It is possible that Western countries for now will stand behind Georgia’s territorial integrity, as the inclusion of such a point in President Sarkozy’s peace plan allows us to hope. In that regard, the above considerations are just speculations this far.

But the selectivity in understanding the aspirations for independence still seems to be the trend of the moment. The criterion for understanding is not so much the capacity of the irredentist groups to actually function as a state, as realpolitik speculations and the presence of violence or the threat of it. This trend is not encouraging for small nations — not even for Finland.
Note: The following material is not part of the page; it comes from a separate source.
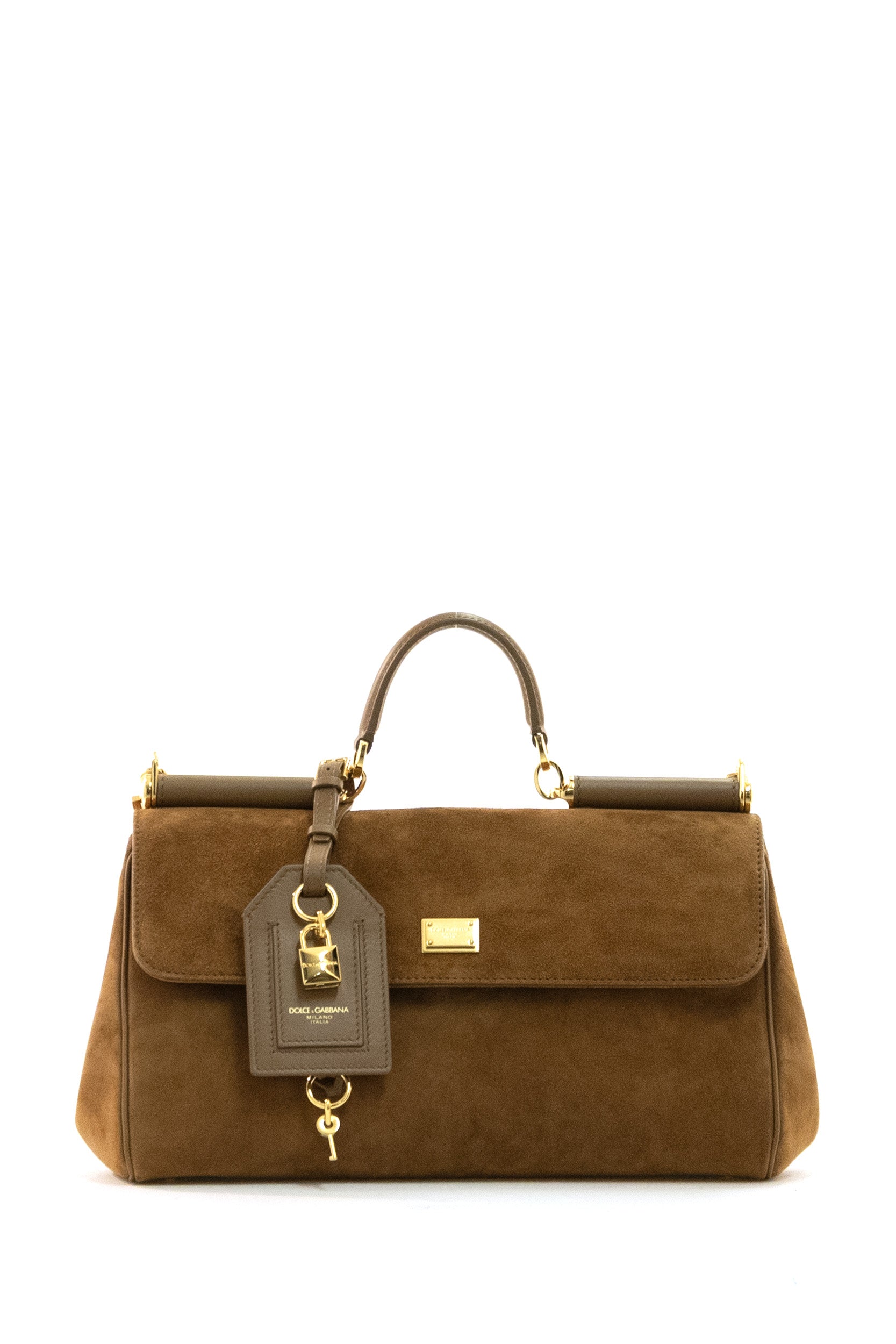 Borsa My Sicily a mano in suede color marrone<BR/> BB7782 BO903 8Y121 DOLCE & GABBANA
Read the rest of Ms. Masso’s essay at Tundra Tabloids.

8 comments:

briefs said...

I may be called deeply naive for asking this question, Silver lining in independence movements? but I wonder aloud if these movements could be the eventual downfall of China or Russian or even Iranian dictatorships.

KGS said...

Well....if not for the heavy handed nature of the totalitarian and authortarian ideologies represented in the states mentioned, you might have a point.
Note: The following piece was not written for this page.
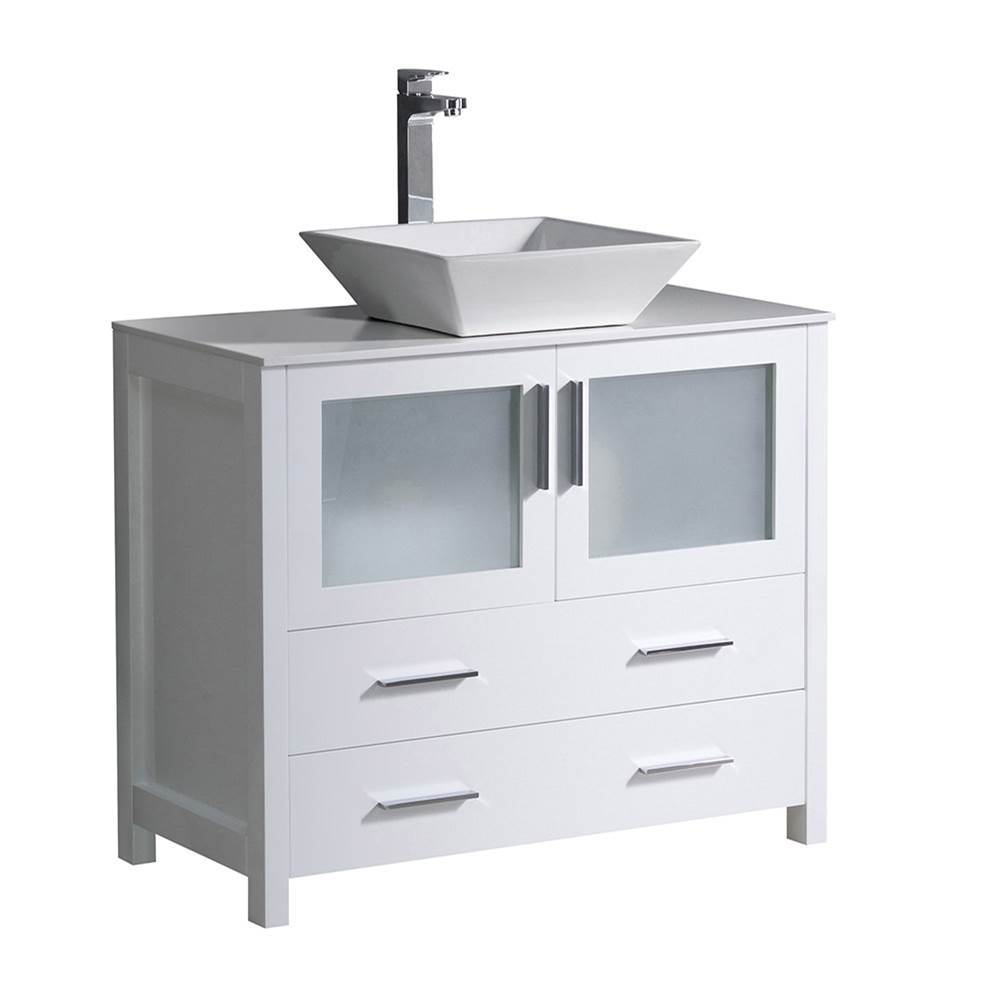 Fresca Bath Fresca Torino 36'' White Modern Bathroom Cabinet w/ Top & Vessel Sink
Only when the Russian's held back from the knee jerk reaction to "crack down", did the Soviet "velvet revolution" begin to take shape.

Arius said...

How about the future downfall of the USA? Hispanics have already started an independence movement in the Southwest.

MyKosova said...

What if the dependence produce genocide, mass graves, deportation of indigenous population, and the privation of the right to exist?

I agree that the unilateral proclamation of independence is not s.th could be taken easily, but they are specific cases as the most passionate adversary of independence cannot negate. I mean them who have the wisdom to admit the truth even when that doesn't fit their arguments.

It is not first time Kosova declared independence but not any recent ones had support from international community. It was needed four bloody wars across ex-Yugoslavia and millions of killed civilians to introduce Serbian nationalism and the risk coming from them.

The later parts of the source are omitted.